Quiche with Ramps, Pancetta and Marjoram
Perfect for brunch, lunch, or a light dinner, this quiche lets the sweet, oniony flavor of spring ramps sing against a background of savory pancetta, tangy gruyère, and musky marjoram. With an unusually high ratio of dairy to eggs, this quiche is silky and custard-like. Just the thing for a May morning at home on the porch or a June pot-luck in the neighbor's backyard.
Ingredients
- crust, frozen or homemade
- 8oz ramps
- 4oz pancetta
- 1 tbsp. unsalted butter
- 2 whole eggs + 1 yolk
- 1 cup cream
- 1 cup whole milk
- 1/2 tsp. salt
- 4 oz gruyère cheese, grated
- 2 tbsp. fresh marjoram, plus more for garnish
- 2 tbsp. fresh chives, plus more for garnish
Instructions
- Pre-heat oven to 375 degrees Fahrenheit. Blind-bake crust by lining it with foil and filling it with pie-weights or dried beans. Bake for 10 minutes or until crust is starting to set. Remove weights and foil and set aside.
- Meanwhile, in a skillet over medium-high heat, saute ramps and pancetta for 5 minutes or until pancetta has crisped and the ramps have softened. Set aside and let cool.
- In a large mixing bowl, whisk together eggs, yolk, cream, milk, and kosher salt.

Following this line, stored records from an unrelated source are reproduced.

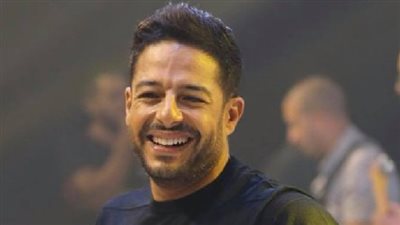 أحمد صلاح حسني يعايد حماقي بعيد ميلاده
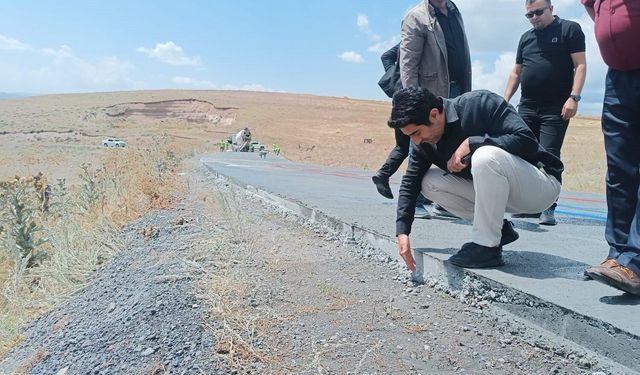 Sarıkamış'ta beton yol çalışmaları yerinde incelendi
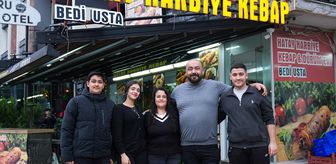 6 ŞUBAT DEPREMLERİNİN ÜÇÜNCÜ YILI - Depremden sonra İzmir'de yeni hayat kuran Alvanoğlu ailesi, Hatay'a dönecekleri günün hayalini kuruyor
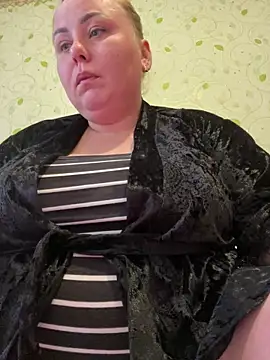 Mommy-girl-Lola online show from May 2, 8:06 am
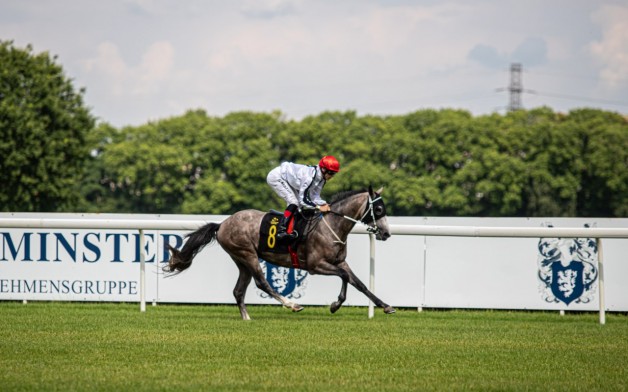 “ميار الخالدية” يكتسح منافسيه بسباق كأس الوثبة في وارسو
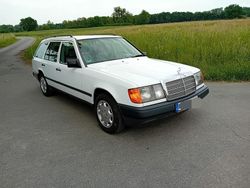 Weiß Gebraucht 1986 Mercedes E230 Kombi | 7.990 €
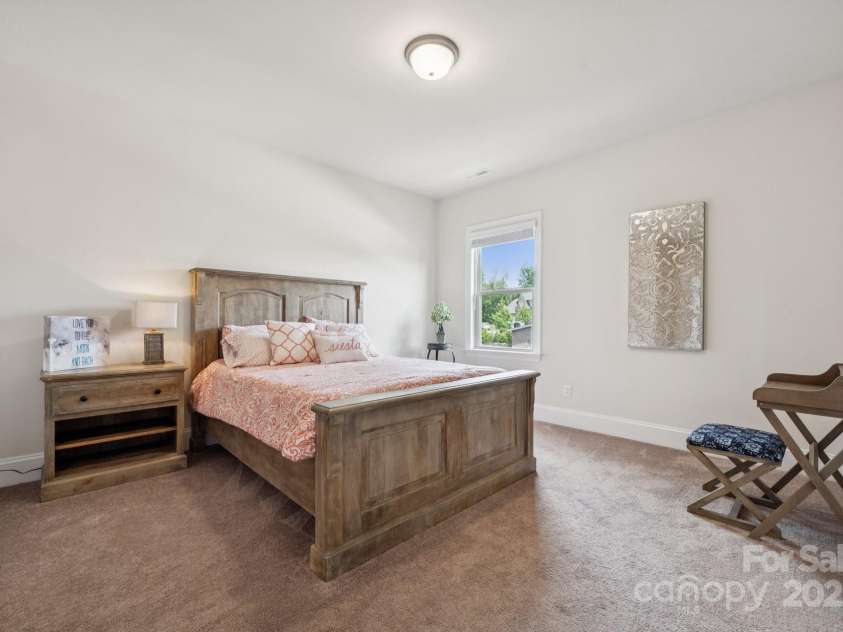 12410 Franklin Park Lane, Huntersville, NC 28078.  MLS# CAR4269080, YatesRealty ID 26771. 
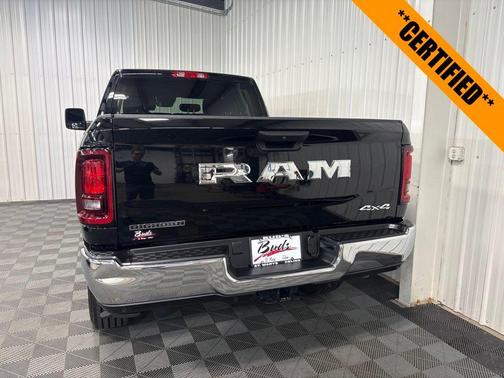 Diamond Black 2026 RAM 2500 Big Horn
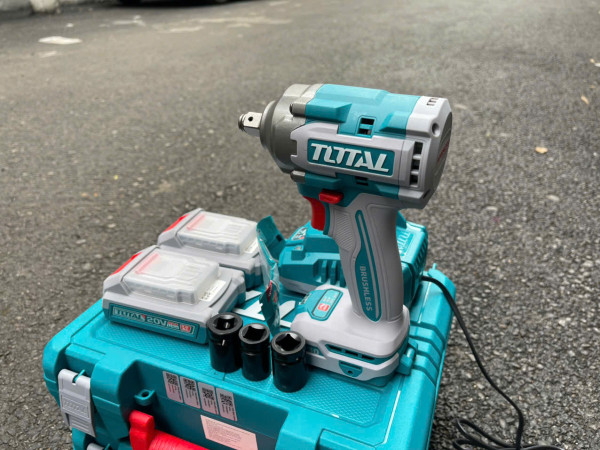 Máy siết bu lông dùng pin Total TIWLI20236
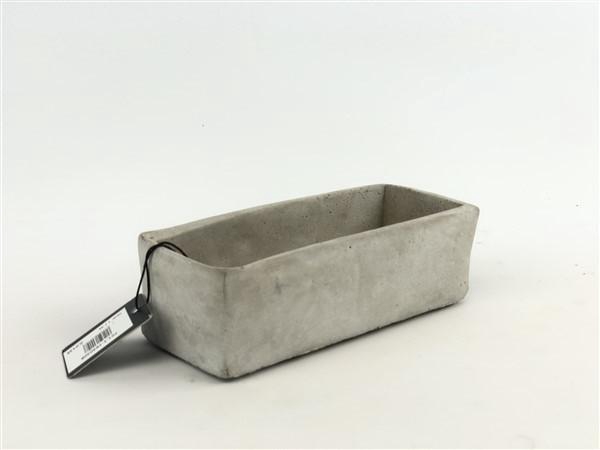 <h4>PLANT. CEMENT 18*8*6</h4>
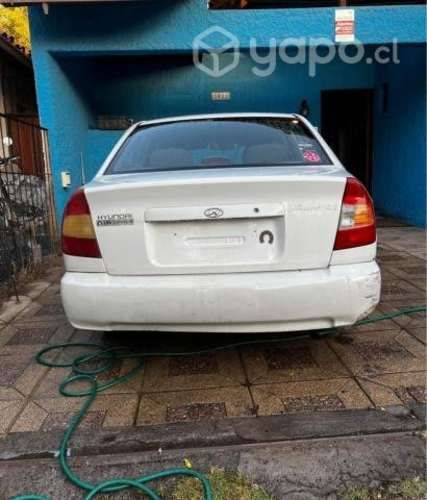 Hyundai accent 2002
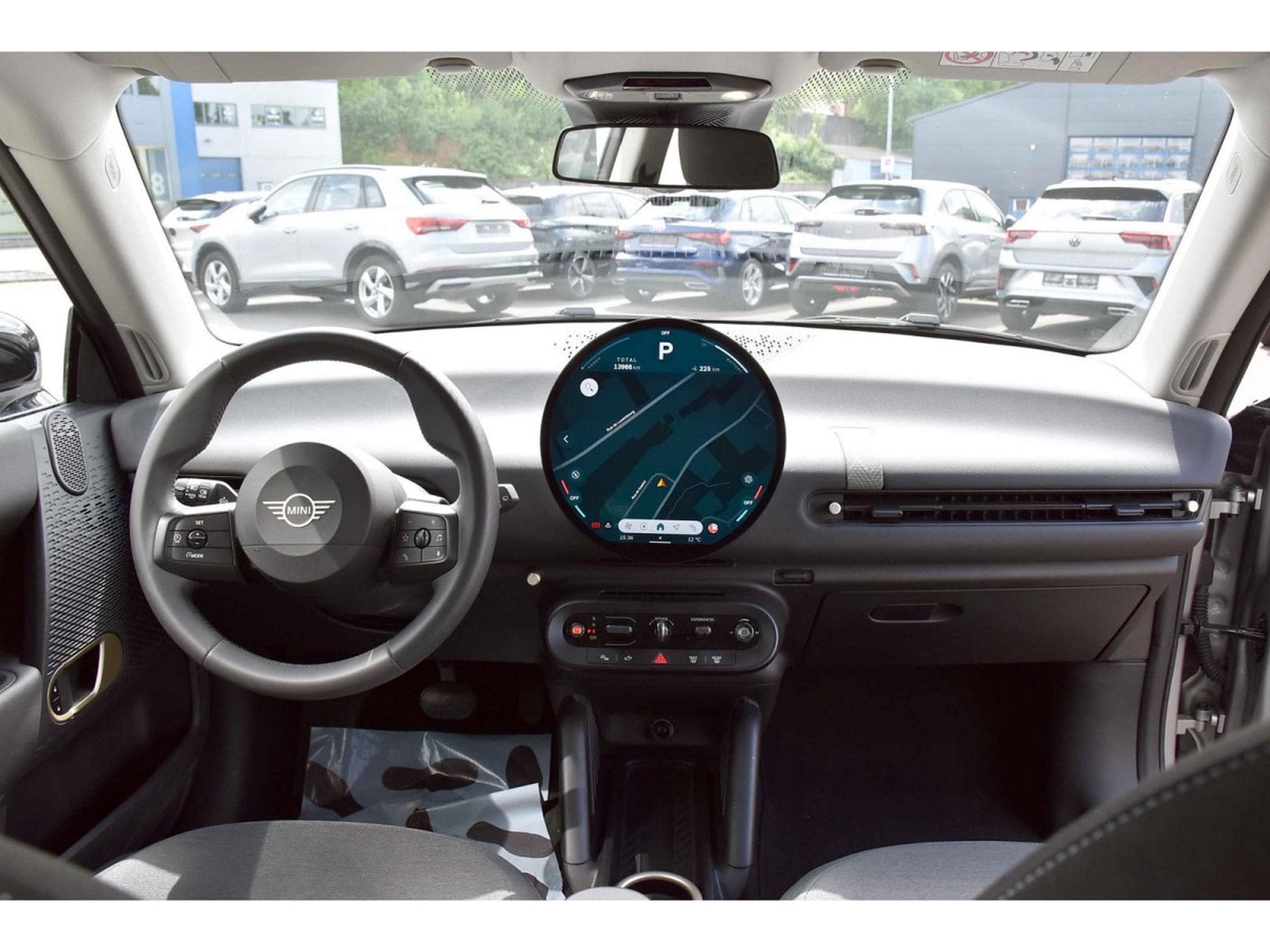 Mini Cooper SE 52 kWh LANE SIDE CAM PARK 1° MAIN (2024) - Foto 9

- Layer pancetta, ramps, gruyère, marjoram, and chives in the pie crust. Cover with egg mixture. Bake at 375 degrees Fahrenheit for 30-35 minutes or until crust is lightly browned and the center of the quiche is set but still soft.
- Let cool and serve at room temperature garnished with more fresh marjoram and chives.